There may be some speedup in converting some code to the unified memory architecture, but this only speeds up Linux and not Windows since Windows 10 took over GPU mem management.
On Tue, Feb 20, 2018 at 2:22 PM, Sephiroth4269 notifications@github.com wrote:
Well that may be a roundabout solution to the neoscrypt issue. but do you have any ideas as to why my lyra2v2 isnt working? The person who started this thread saw numbers of 100MH after tweaking it a bit. I obviously dont have access or the knowledge to delve into the algorithm itself, but the issue I have with that particular algorithm is the fact that it won't even connect to the server in the first place which can be seen in above pictures. What would be causing that? it keeps saying invalid argument on line 279, and 280.
How can I fix that argument? what is that argument? does it have to with the pool or the algorithm?
— You are receiving this because you authored the thread. Reply to this email directly, view it on GitHub https://github.com/KlausT/ccminer/issues/101#issuecomment-367105591, or mute the thread https://github.com/notifications/unsubscribe-auth/AhKu4F6JyMtrnjXGu18kpCHbRlBAXwkTks5tWyhrgaJpZM4RLYj1 .
The error you get when you try lyra2v2, is it always GPU#1 ?
That's your 780Ti, right?
What error message do you get when you add the option --debug
?
I haven't tried the debug yet, or turning off the CPU validation as I wasn't aware of them, or what their effects would be regardless. I will test that out tonight when I get back from work and send a screen shot! @KlausT you have been a phenomenal help throughout all of this and I really do appreciate it. I'm sorry if it feels like I'm trying to get you to reinvent the wheel for me that isn't my intention, I am solely trying to get my hardware to work with your software.
@eruditej I would be very interested in having that conversation with you, on how to write algorithm script. I've been beating my head against the wall with the CUDA parameters, mostly because I have no idea where to start.
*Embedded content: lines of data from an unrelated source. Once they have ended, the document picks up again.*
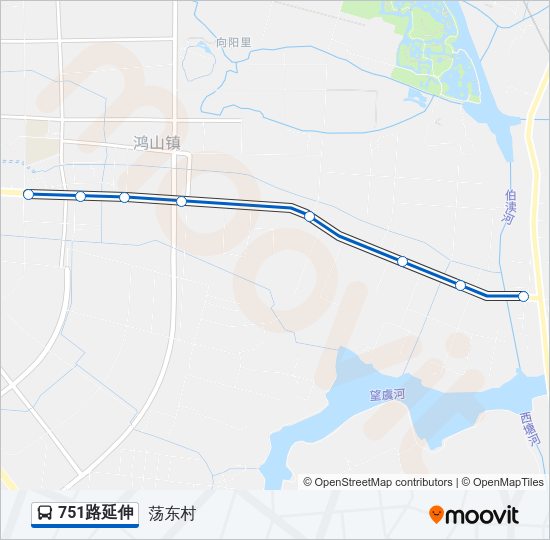 751路延伸 Bus Line Map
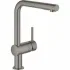 Смеситель для кухни GROHE Minta с вытяжным душем, L-образный излив, темный графит матовый (30274AL0) Смеситель для кухни GROHE Minta с вытяжным душем, L-образный излив, темный графит матовый (30274AL0)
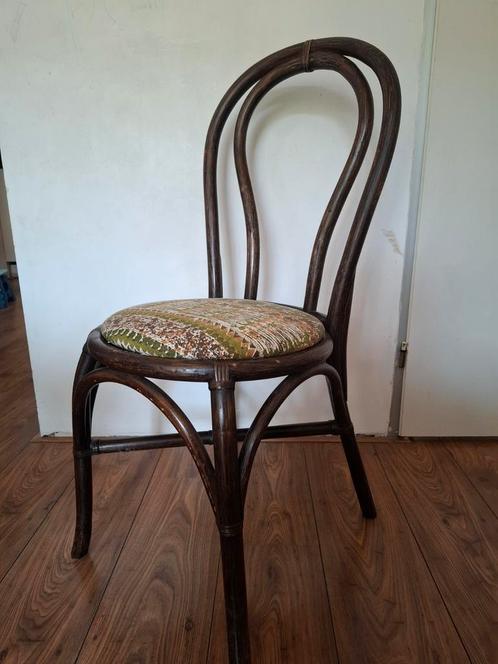Vintage leuke rotan stoel, Huis en Inrichting, Stoelen, Gebruikt, Eén, Riet of Rotan, Bruin, Ophalen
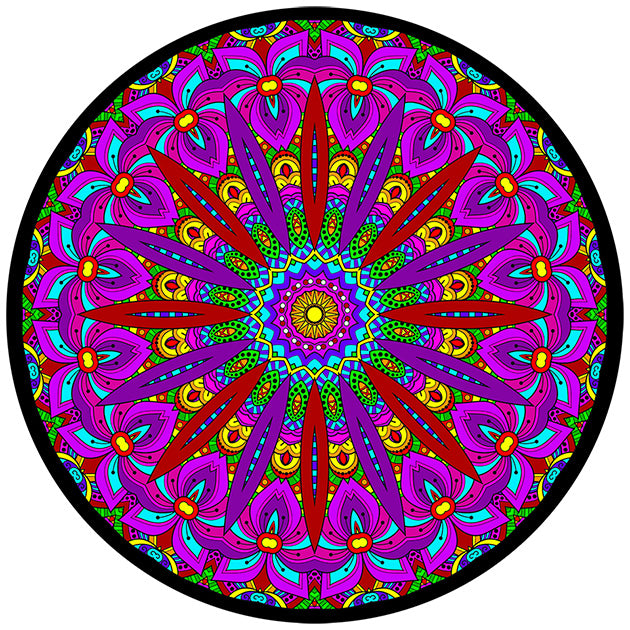 Trippy Crazy Colorful Zen Mandala Vinyl Sticker Decal - FREE Shipping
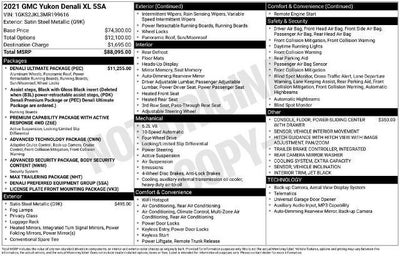 2021 GMC Yukon XL Denali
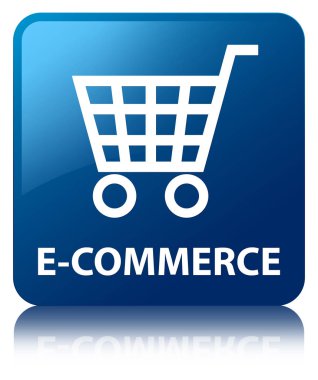 E-ticaret mavi kare düğme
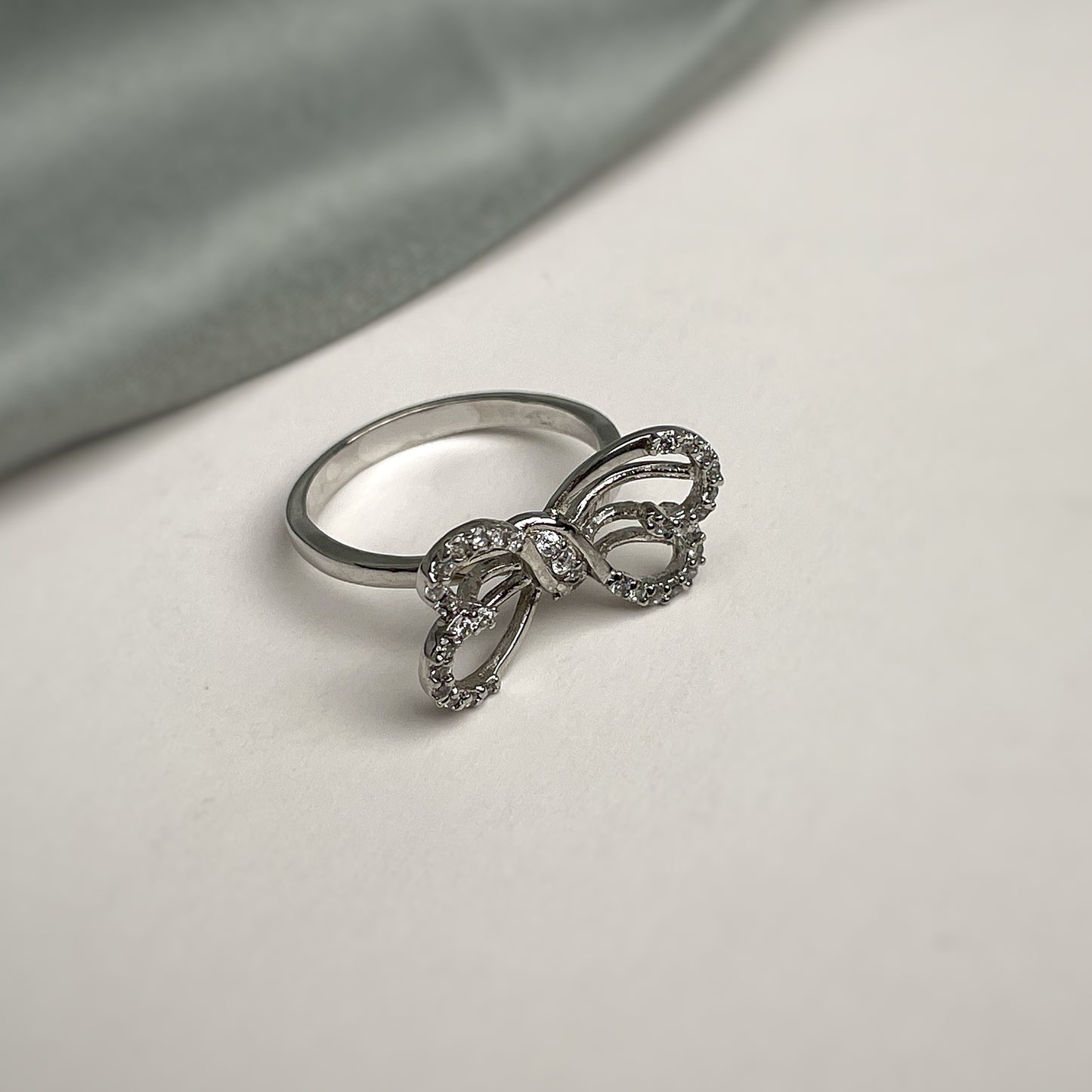 Eternal Knot Silver Hoop Ring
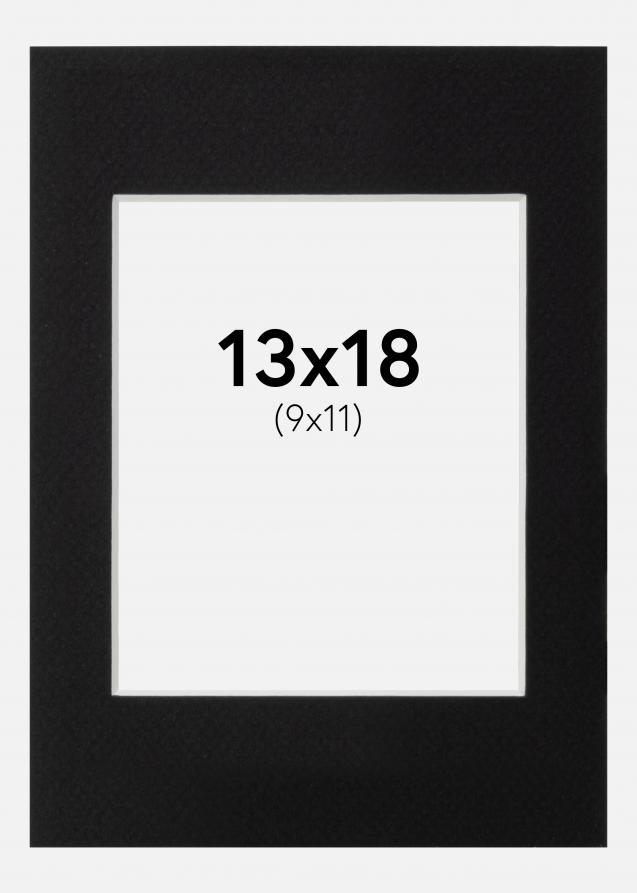 Galleri 1 Passe-partout Zwart (Witte kern) 13x18 cm (9x11)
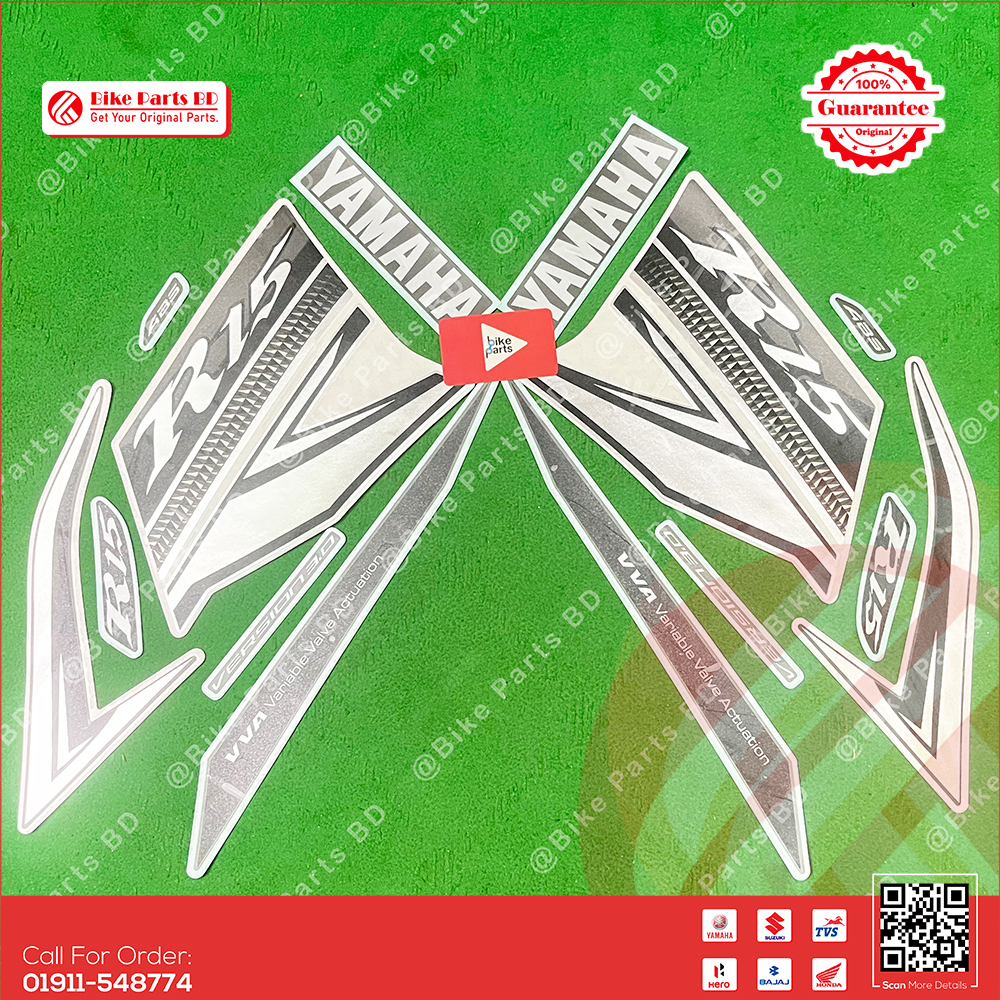 Full Set Sticker for Yamaha R15 V3 (Dark Night) bike.
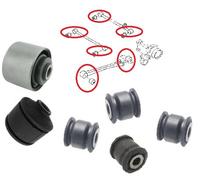 Braccetti Comando Traino Posteriore Link Boccole Boccole per Subaru Forester ...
All of the tutorials are written for advanced users (obviously), but if I can get a direction to a good starting place, which folder, which file, which editing software, etc. I think I could play around with it easily enough.
I've also noticed that when I run lyra2rev2 it crashed on the ccminer, so I looked up the other algorithms that were supported and that specific string was not anywhere to be found. That being said, I could be mistaken, or perhaps I was looking at the wrong one. That also being said I will try using that in place of the string: lyra2v2 and see what that results as.
Unfortunately I work nights so that may take a while. So far though I believe we have ruled out: Titan V, drivers, "tuning", mining pools, and the ccminer itself. The only variables left are: cpu, debug, other things I know nothing about?
So the issue was that my other graphics card was causing it too fail haha.....sorry for the mess...
@eruditej @KlausT Food for thought. I was using Multipoolminer for my mining and then I started experimenting with different .exe files, versus algorithms, and I cam across this:
Fir the record I have no idea how or why this is possible. I am using the "nanashi" .exe version of lyra2z mining and for whatever reason the 780ti is leaps and bounds better than the Titan V in this instance. This brings me to my question. These hashrates are real. They are clearly being calculated and felt by the miner. How do we translate that into received nonces and shares?
I am unsure what the issue is exactly. tpruvot 2.2.3 gives me twice the hashrate of klaust even though you are building sm_70 w/ cuda 9.1
using the latest drivers, tpruvot gives me about 90-100 MH/s klaust gives me 40-42 MH/s
The skew is so large, im suspecting something simple around the profile of the card specific code.
Also, thank you for making your code so much cleaner. I can actually load it in VS and build vs tpru where I have to redo the entire compat system to make it build on anything newer than VS13.